Spotify seems to have been happy for fans to do their listening on Spotify and to leave the stanning and the fan chatter to happen on other social platforms. It’s possibly partially due to the fear of being seen as creating a “social network for music” – perhaps the most cursed words in tech – but slowly, this has started to change. Recently there has been a marked effort to engage fans and to encourage new artist interaction in some fairly prominent ways: like ‘canvas’ videos which can be shared online, it’s snapchat-like Clips feature, and a songwriter hub site called Notable.
The latter, which was developed to showcase songwriters by pulling information and songs together in one place, is now building on this by launching Noteable Releases, the first of Spotify’s flagship weekly playlists that specifically showcases the work of songwriters and producers.
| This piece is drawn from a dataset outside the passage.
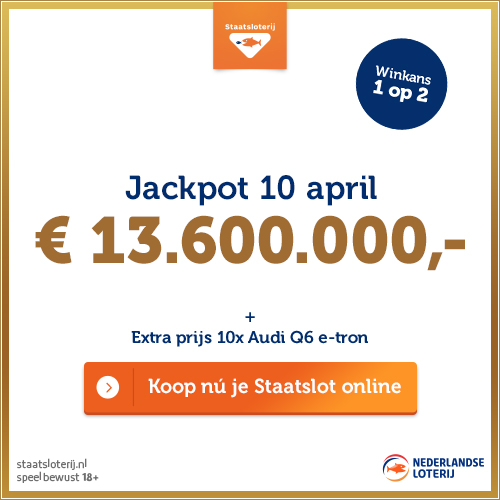 Staatsloterij Jackpot €13.600.000 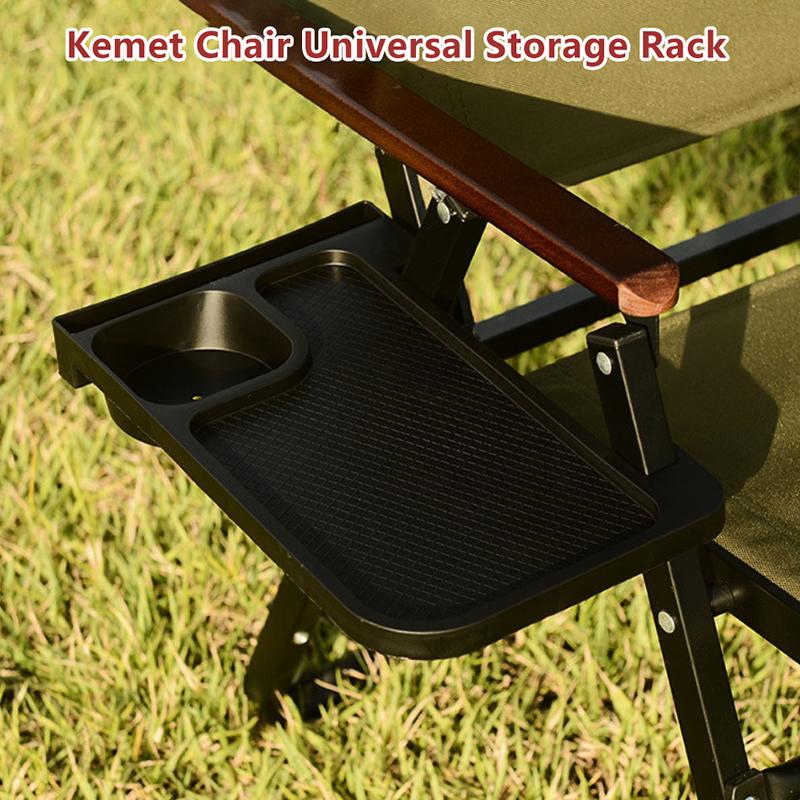 1Pc Outdoor Camping Chair Side Storage Tray Recliner Chair Tray Camping Accessories Folding Universal Cup Holder Tool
It’s so that fans can discover music from a songwriting angle, and the playlist has accompanying Spotify Clips where songwriters discuss their process, including Finneas O’Connell.
The O’Connell family segues us nicely to the next of Spotify’s explorations into expanding the feature set of their platform: as part of the launch of Billie Eilish (O’Connell)’s new album, it has created the first in-platform “artist hub”, with exclusive content created by Eilish.
At the centre are three playlists designed to be an enhanced album experience in three different formats: “Fan Mode,” “Billie Mode,” and “Lyric Mode” which uses Canvas, Storylines, and Playlist Clips in some interesting ways – Lyric Mode, for instance, features audio of Eilish talking about each lyric. “Billie mode” feature exclusive videos and “Fan mode” has a soundscape of audio sent to her from fans.
While both of these efforts are still fairly broadcast-only (fans can’t communicate or share anything in-app), they are steps towards the kind of enhanced functionality where artists, songwriters and playlists become points for fans to gather. Maybe the learnings from live audio platform Greenroom will be instructive, as Spotify starts to allow users to create content and group together.
Greenroom is not built into the main Spotify app (yet…), but fan groups are beginning to cluster there, and making a single destination for fans to consume, geek out, and shout about their fandom may start to become an obvious next step.